Monday, December 10, 2007

'OPEN UP YOUR HEARTS, WE WANT TO COME HOME."

My first thoughts as I walked up to the plaza this morning as people gathered for the press conference for the Housing Conservation District Review Committee meeting concerning the demolition of public housing:


"So few people really care."


This issue is so core to our humanity, and the vitriolic hate for the people who once lived in the housing slated to be demolished by HUD/HANO makes it even more of an imperative for those who do care to help those who need help or because they are displaced, and cannot speak for themselves.

The following are my perception's of what was being asked of the Housing Conservation District Review Committee at the December 10, 2007 review meeting at city hall. I'm not very politically plugged in so I don't know the names of everyone who spoke, as such, I will not be able to credit each thought individually - it will be a collective of inspired thoughts:




"Let us remember the dignity of every human being".

"We are fighting to let people know that we are human beings."

"We are the people that helped build this city."

"We are United States Citizens, human beings, and we are trying to get home."

"Housing is a human right. Affordable housing is a human right. On Human Rights Day join with people struggling for housing and the right to return."



"Give us time to work out a solution."

"This is about taking a moral stand for what is right."



"Sometimes, the will of the masses (many in the city are strongly for the demolition of the public housing structures), can't prevail." "We have working poor people living in tents, cleaning up in the morning and going to the hotels to work."

"You are not only destroying our houses, you are destroying our lives.

People are dying everyday."



"Open up your hearts, we want to come home."

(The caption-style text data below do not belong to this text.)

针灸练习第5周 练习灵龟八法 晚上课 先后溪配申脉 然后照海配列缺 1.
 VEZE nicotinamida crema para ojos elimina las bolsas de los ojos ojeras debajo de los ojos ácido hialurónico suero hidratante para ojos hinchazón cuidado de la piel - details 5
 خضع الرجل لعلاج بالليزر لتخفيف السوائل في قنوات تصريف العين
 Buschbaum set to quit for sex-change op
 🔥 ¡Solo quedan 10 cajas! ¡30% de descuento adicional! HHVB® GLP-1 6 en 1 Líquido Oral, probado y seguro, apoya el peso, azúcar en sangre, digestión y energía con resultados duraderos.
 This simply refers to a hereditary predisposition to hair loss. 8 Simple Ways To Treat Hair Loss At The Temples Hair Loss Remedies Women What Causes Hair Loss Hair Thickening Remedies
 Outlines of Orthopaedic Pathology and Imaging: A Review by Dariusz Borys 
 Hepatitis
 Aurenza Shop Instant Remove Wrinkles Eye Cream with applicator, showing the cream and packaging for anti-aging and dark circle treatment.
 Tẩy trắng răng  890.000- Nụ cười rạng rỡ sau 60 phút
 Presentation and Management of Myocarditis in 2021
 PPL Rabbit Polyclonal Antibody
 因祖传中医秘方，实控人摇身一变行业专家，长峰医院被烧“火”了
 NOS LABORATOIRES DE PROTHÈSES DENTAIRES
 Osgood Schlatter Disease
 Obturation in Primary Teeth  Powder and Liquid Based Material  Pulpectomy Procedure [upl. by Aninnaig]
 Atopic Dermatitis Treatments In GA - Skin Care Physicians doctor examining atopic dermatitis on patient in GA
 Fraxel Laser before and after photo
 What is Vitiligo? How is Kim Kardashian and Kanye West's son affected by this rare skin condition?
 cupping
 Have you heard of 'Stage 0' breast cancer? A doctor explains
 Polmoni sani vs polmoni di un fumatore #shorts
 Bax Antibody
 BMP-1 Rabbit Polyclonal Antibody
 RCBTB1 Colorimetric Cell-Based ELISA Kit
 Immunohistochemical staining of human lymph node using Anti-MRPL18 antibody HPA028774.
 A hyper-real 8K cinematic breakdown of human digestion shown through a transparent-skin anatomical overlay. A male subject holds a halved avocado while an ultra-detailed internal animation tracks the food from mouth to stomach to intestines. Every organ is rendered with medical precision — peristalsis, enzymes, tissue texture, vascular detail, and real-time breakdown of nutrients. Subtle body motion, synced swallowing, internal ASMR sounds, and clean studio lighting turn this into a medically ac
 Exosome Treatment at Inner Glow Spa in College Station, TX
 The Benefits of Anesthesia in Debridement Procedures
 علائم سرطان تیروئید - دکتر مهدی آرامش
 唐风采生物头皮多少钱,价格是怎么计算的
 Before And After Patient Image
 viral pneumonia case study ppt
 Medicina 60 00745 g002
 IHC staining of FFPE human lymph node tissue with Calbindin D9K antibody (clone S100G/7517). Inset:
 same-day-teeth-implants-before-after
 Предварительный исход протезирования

"HUD has a track record of demolishing without rebuilding."

"They are planing to demolish these buildings without a master plan to rebuild."

"When you demolish everything it creates a larger problem for the homeless and the displaced."




"217 buildings with over 4000 apartments. Which have not been inspected for 70 percentile of damage according to ordinance 2610, and no signed contacts of anyone who will fix up the buildings."

These buildings should be protected historically. Are these buildings (brick housing structures) so far gone (70% structural damage in each building) that they should be demolished? Has each building been inspected according to the 2610 ordinance? Review committee answer:"No."


"Such buildings should be preserved where ever possible."



"The buildings were made in a way you cannot afford to build today."

"HUD is tearing down behemoth buildings all over the country and rebuilding housing that looks like Lafitte."


"There historical significance involved. We could bull doze the French Quarter and put in a mall, but we don't. These are some of the most structurally sound buildings in the city. These brick structures are in better condition than the wood homes surrounding them."






"An estimated 12 thousand homeless in New Orleans."


5o thousand families living in 240 square feet FEMA trailers.










100,000 homeowners who haven't gotten any Road Home monies."

























"This is neither moral nor legal according to the National Historic Act of 1966. "




"We went through why we feel demolishment is necessary."

"This is about the 'revitalization' of New Orleans."












"don't do this on the backs

of the poor..."














"We are fighting to let people know we are human beings."



"It’s easy to take a moral view when things are easy.
But we find out who we are when no one else is looking.
With each step we are removed from the cruelty, we remove some of our humanity."